_Data_.

§

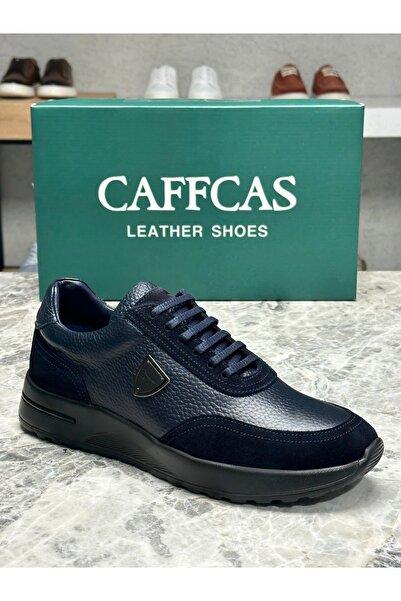 Caffcas Pantofi pentru bărbați, din piele naturală, albastru bleumarin, lucra...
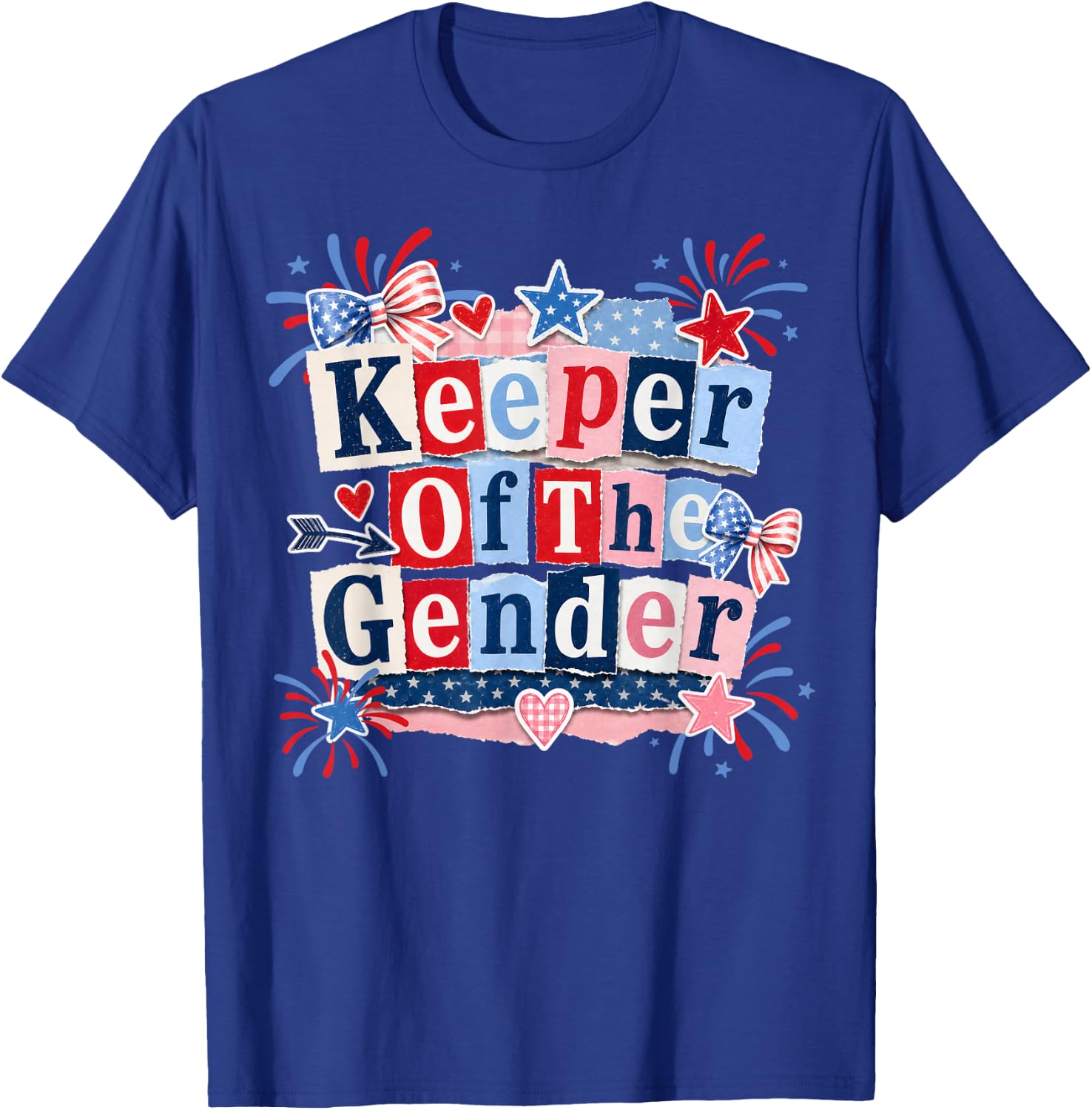 Keeper of The Gender 4th of July Bow Gender Reveal Party T-Shirt - T-Shirt | Royal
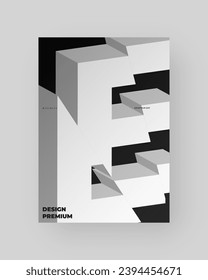 Diseño de afiches abstractos. Formato vertical A4. Refracción y letra 3d distorsionada. Composición de tipo rota, cortada, con fallos y rotos.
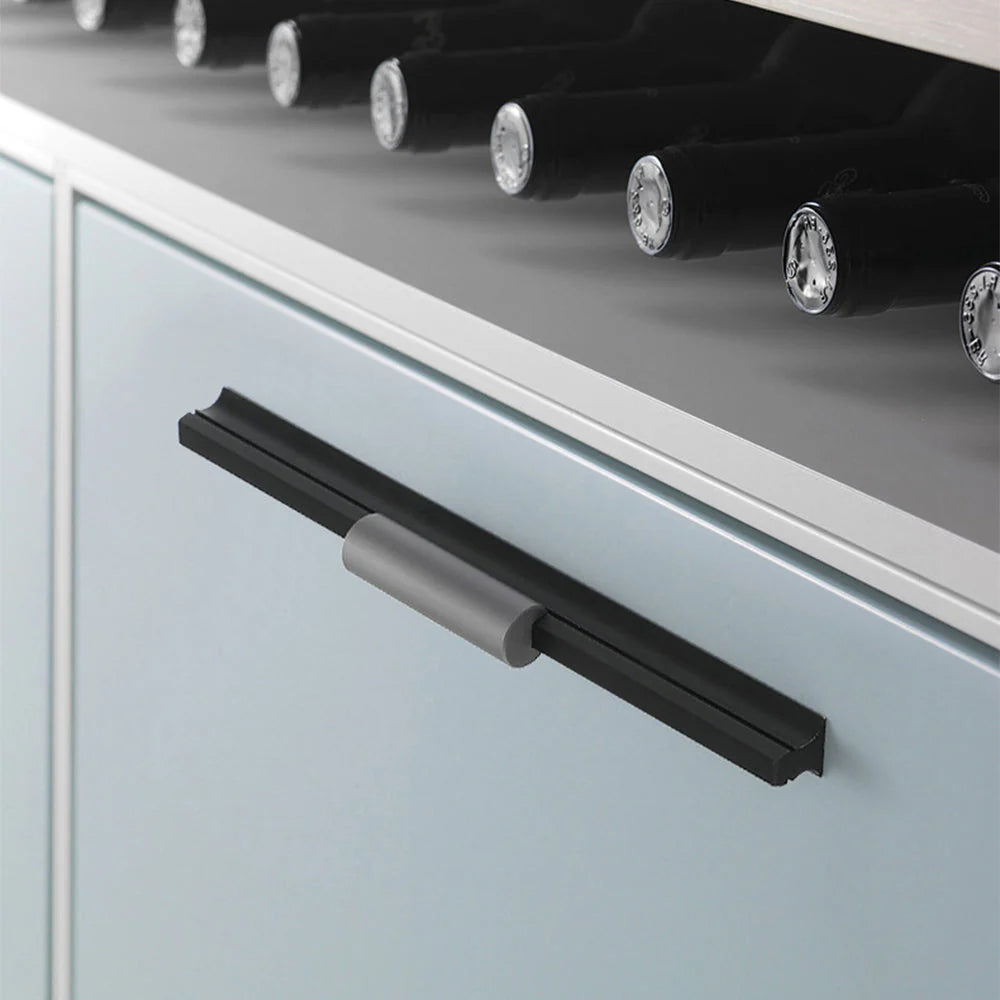 Matt Schwarz Grau Aluminium Schrank Schubladengriff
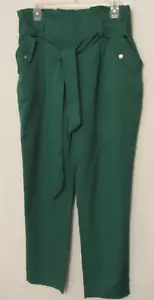 NWT Angashion Belted Paperbag Pants Women's XL Green Snap Pockets Elastic Waist - Picture 1 of 9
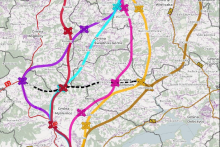 mapa z zaznaczonymi korytarzami od Krakowa do Myślenic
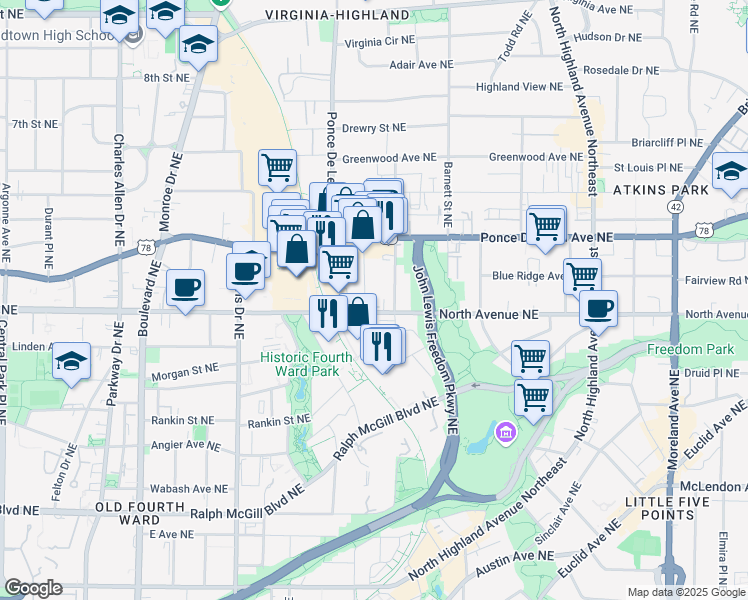 map of restaurants, bars, coffee shops, grocery stores, and more near 790 North Avenue Northeast in Atlanta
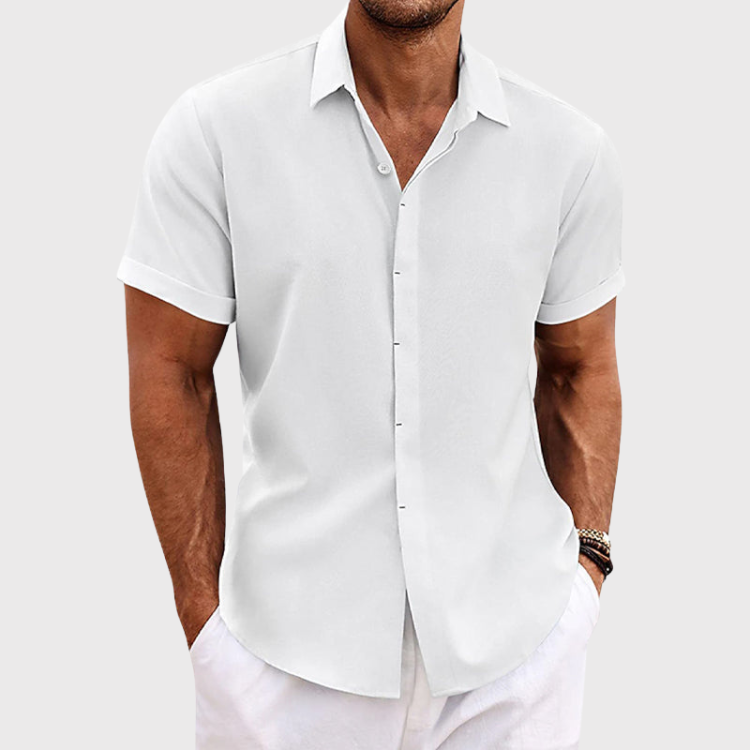 "Men's breathable linen short sleeve shirt, front view, lightweight fabric, button-up style for casual and semi-formal occasi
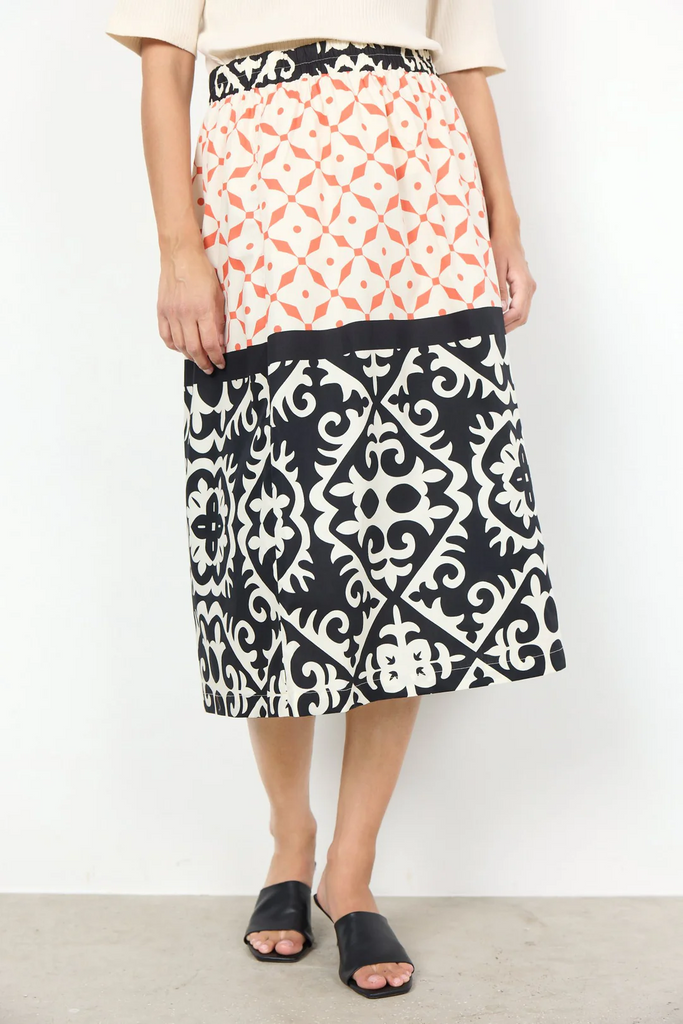 Soyaconcept Dinna Coral Tile Print Long Midi Skirt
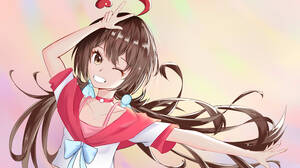 Anime Anime Girls Virtual Youtuber Shinka Musume Long Hair Brunette Artwork Digital Art Fan Art 3840x2160 Wallpaper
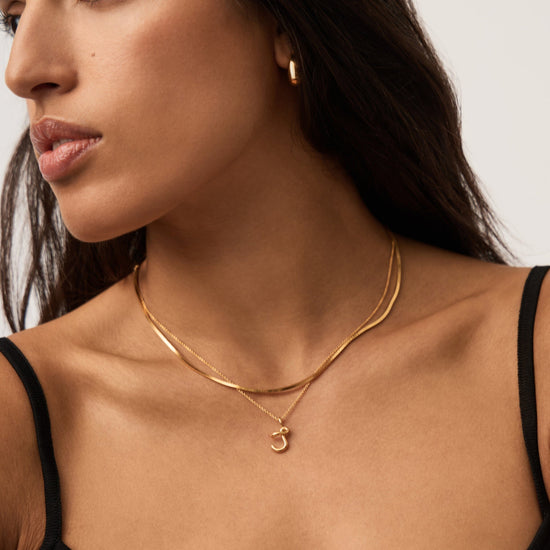 Curly Molten Mini Initial Necklace - J | 18k Gold Vermeil Necklaces Missoma 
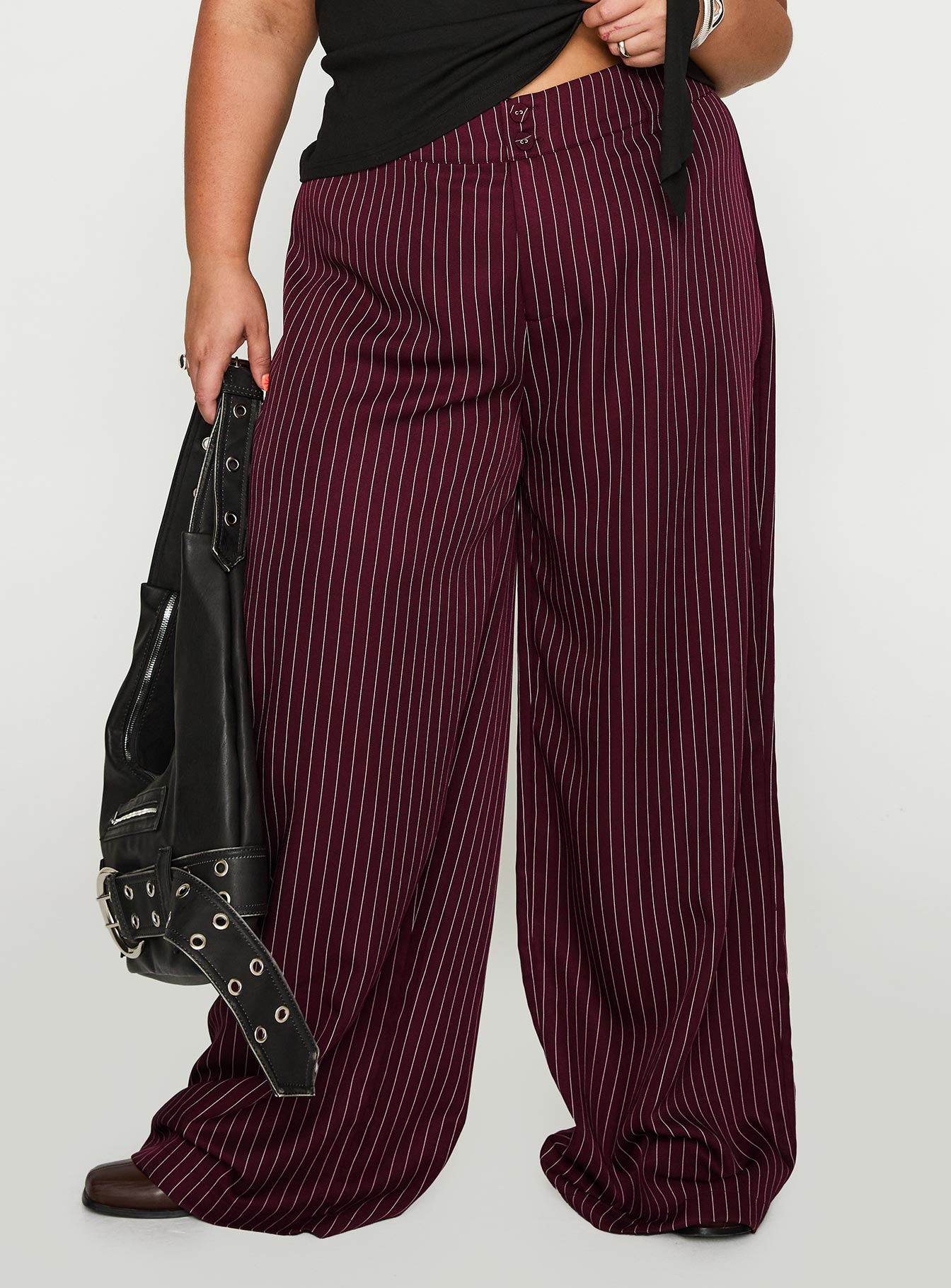 Lorenne Mid Rise Pant Burgundy Pinstripe...
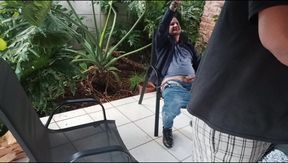 Shy Stepsister Get Fucked by Her Horny Stepbrother While His Friend Mastrubates Outside in Garden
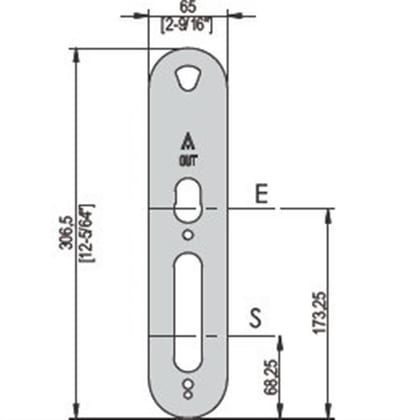 SALTO Backplate set of 2PCS 65mm COPLE065IM - 306.5mm, 65mm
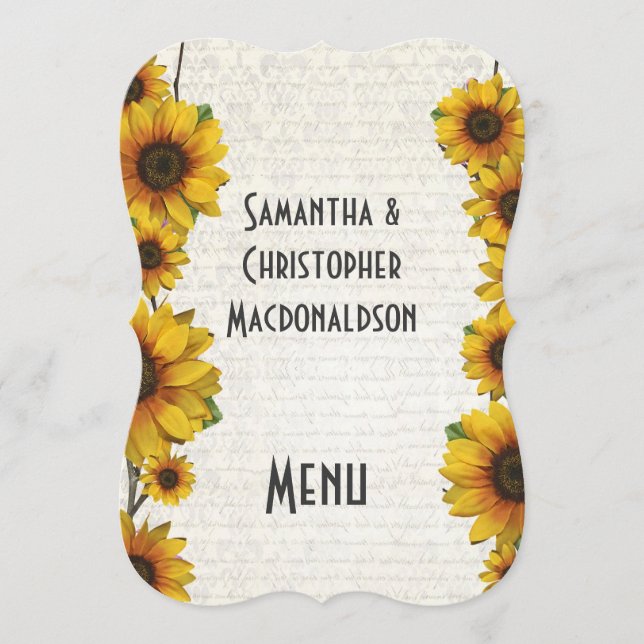 Elegant yellow sunflower country wedding menu (Front)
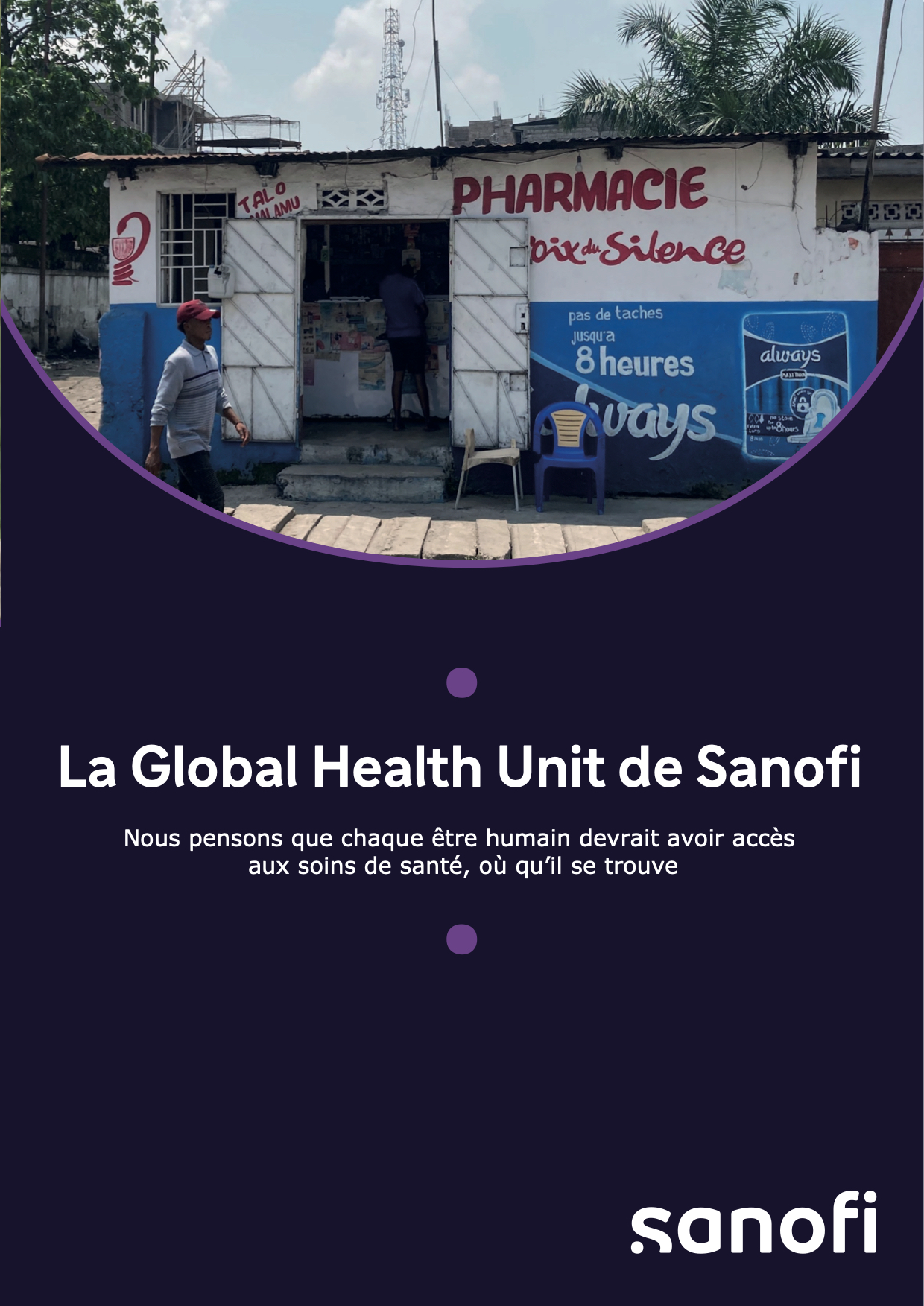 Front cover of Sanofi Impact Flipbook with a pharmacy building.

§

_Problem description_.
The required output is the lines from the one containing "Matt Schwarz Grau" through the end of the records above, reproduced exactly, with no pictures.

_Written answer_.
 Matt Schwarz Grau Aluminium Schrank Schubladengriff
 NWT Angashion Belted Paperbag Pants Women's XL Green Snap Pockets Elastic Waist - Picture 1 of 9
 mapa z zaznaczonymi korytarzami od Krakowa do Myślenic
 map of restaurants, bars, coffee shops, grocery stores, and more near 790 North Avenue Northeast in Atlanta
 "Men's breathable linen short sleeve shirt, front view, lightweight fabric, button-up style for casual and semi-formal occasi
 Soyaconcept Dinna Coral Tile Print Long Midi Skirt
 Anime Anime Girls Virtual Youtuber Shinka Musume Long Hair Brunette Artwork Digital Art Fan Art 3840x2160 Wallpaper
 Curly Molten Mini Initial Necklace - J | 18k Gold Vermeil Necklaces Missoma 
 Lorenne Mid Rise Pant Burgundy Pinstripe...
 Shy Stepsister Get Fucked by Her Horny Stepbrother While His Friend Mastrubates Outside in Garden
 SALTO Backplate set of 2PCS 65mm COPLE065IM - 306.5mm, 65mm
 Elegant yellow sunflower country wedding menu (Front)
 Front cover of Sanofi Impact Flipbook with a pharmacy building.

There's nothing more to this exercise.